Moreover, Archbishop Gallagher acknowledged his own surprise for the way in which the topic of diplomatic presence on the territory is being addressed: “while great appreciation and gratitude is expressed to the embassies that, faced with the Russian march towards Kyiv, did not leave the country, but only moved to Lviv, not even the smallest mention is made of the fact that, faced with the same threat, the apostolic nuncio remained in the Ukrainian capital, sustained by Pope Francis’ public appreciation and gratitude. Such a decision by the pontifical representative clearly shows that the Holy See’s desire is not that of wanting ‘to play a part’ (p. 25) in the tragic Russian war in Ukraine, but of showing concrete Christian closeness to a battered people and to give oneself for peace”. In this sense, the involvement of the local Catholic Church, of both Latin and Eastern rites, is also noteworthy, “as is that of different Catholic charitable organizations, above all in the humanitarian sphere, without forgetting the numerous missions carried out in Ukraine by Cardinal Konrad Krajewski, the Almoner of His Holiness.

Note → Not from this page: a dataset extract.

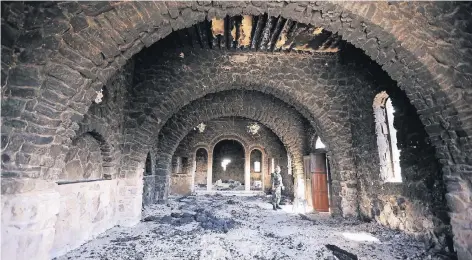  ?? FOTO: AP ?? Die Trümmer einer Tradition: Ein syrischer Soldat steht im zerstörten Kloster Mar Elian in Karjatain bei Homs nördlich von Damaskus. Der IS brüstete sich mit der Zerstörung des Klosters, nachdem er die Stadt 2015 eingenomme­n hatte. Im Frühjahr eroberte...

All this can undoubtedly be considered as a sort of ‘charitable embrace’, with which the Holy Father has held the people of Ukraine, not leaving them alone in the suffering and tragedy they are experiencing”. It is therefore opportune to give preference to “the duty that we all have to truth, which is the first victim in every war and, above all, to the shared responsibility to promote everything that might help move the current tragedy in a positive direction”. Because the war in Ukraine, which is a “great war” that shocks Europe (and increasingly involves the whole world), is above all “a tragedy to overcome, and the same effort to understand must not be limited to being merely a speculative effort, but must facilitate the arduous search for exit paths”.
Today, Archbishop Gallagher explained, there are “some attitudes that must change in order to foster peace”. First of all, “contrary to the current global trend”, a change “that involves the ‘logic of war’, which unfortunately continues to dominate, whether in relation to the outcome of the conflict, or under the justification of necessary defense”. In short, “the idea that nothing can be done, that there is no room for words, for creative dialogue and for diplomacy, that it is necessary to resign oneself to and accept the continuation of the ferocious fighting that sows death and destruction”, must not prevail. There is the need for “small changes that make certain strategies possible and open the mind and heart to the other”. For this reason, “the tendency to justify mistrust in others must be overcome through an even greater effort to build mutual trust. In this sense, it can be of real help to strengthen the humanitarian initiatives that are already underway, such as the one on the exchange of prisoners of war or on grain exports, and the one on the repatriation of children, which Cardinal Matteo Zuppi is trying to set in motion following his double mission in Kyiv and Moscow”. This war, the Archbishop concluded, “must be stopped as soon as possible”.